St. John couple share sweet passion as chocolatiers

Three words, “crazy about chocolate,” on a www.match.com profile was what ultimately linked Ben Hauser and Jenny Weber as business partners and spouses.

When responding to Miss Weber’s profile, Mr. Hauser had written “I love how much you love chocolate,” indicating his future wife’s chocoholic tendencies.

Cupid handled the rest of this sweet story.

Growing up in a chocolate family as the son of a native Swiss chocolatier, Mr. Hauser made a “someday” goal to become one himself.

“And I grew up baking,” said the now Mrs. Hauser, an alumna of Maryvale Preparatory School, Brooklandville. “I wanted to open a bakery.”

Five years ago, her husband persuaded her instead to establish Glarus Chocolatier, named after the Swiss town where his father was born and relatives still live.

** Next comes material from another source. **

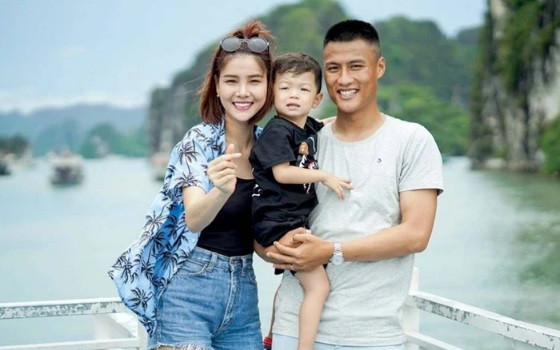 Tuy nhiên, trải qua nhiều năm bên nhau, Mạc Hồng Quân và Kỳ Hân vẫn gắn bó bền chặt, tình cảm ngọt ngào. Cặp đôi cùng xây dựng tổ ấm hạnh phúc với hai nhóc tỳ vô cùng dễ thương.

To the day a year after their first date and six months before their nuptials, the couple’s Timonium store opened its door in 2004 and they were official chocolatiers, sporting chef jackets and hair nets.

Now Jenny Hauser has access to all the chocolate she wants – after she makes it, of course.

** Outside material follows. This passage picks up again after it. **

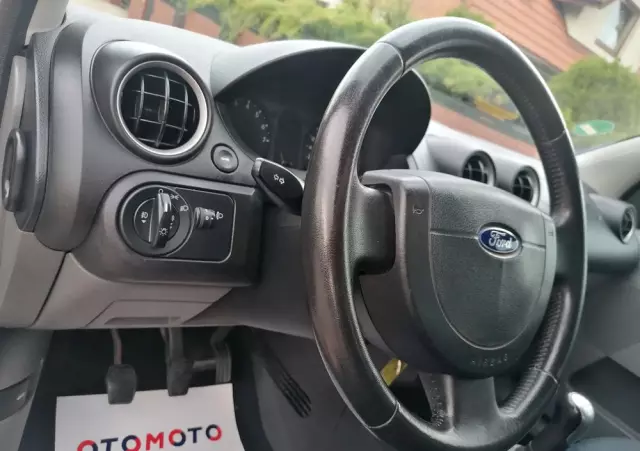 FORD Fiesta 1.4 Ghia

Behind the retail front of Glarus (with a second store in Baltimore) is a machine-less production area where the couple’s 15-hour, seven-day operation has them combining cocoa, cocoa butter, sugar, soy lecithin and vanilla that forms into quality traditional Swiss chocolate, using cocoa beans from Venezuela and Ecuador and processed in Switzerland.

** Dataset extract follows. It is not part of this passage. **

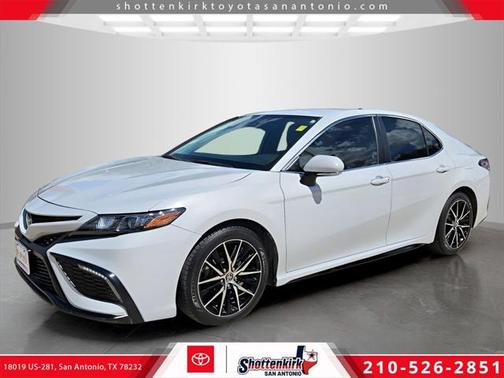 2022 Toyota Camry SE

“Everything we make you’d find in Switzerland,” said Mrs. Hauser, 31, of their “back to basics” approach, producing chocolates without the use of preservatives, high fructose corn syrup or artificial ingredients.

Truffles, assorted chocolates, barks, dipped fruits, chocolate bars and sauce, and chocolate-covered items (like espresso beans) decorate the glass cases of Glarus and are carefully tucked into simple brown packaging when products are mailed through online ordering.

Chocolate making is not something everyone can do, said the parishioners of St. John the Evangelist, Hydes.

“It involves a lot of chemistry,” said Mr. Hauser, 36, who brings the candy-making experience to the Glarus table after years spent “doing everything” in his father’s chocolate factory in Westerly, R.I., which “is truly Willie Wonka,” added his petite wife.

Chocolate is all about freshness, said the Loyola College in Maryland graduates who are expecting their first child in June. As bakery items are expected to go stale within a few days after purchase, so can chocolate. Glarus advises customers to consume their products 7-10 days after purchase.

“You shouldn’t be able to buy chocolate from a department store,” said Mrs. Hauser, to which her husband added, “If chocolate is sitting there for months at a time – something’s not right.”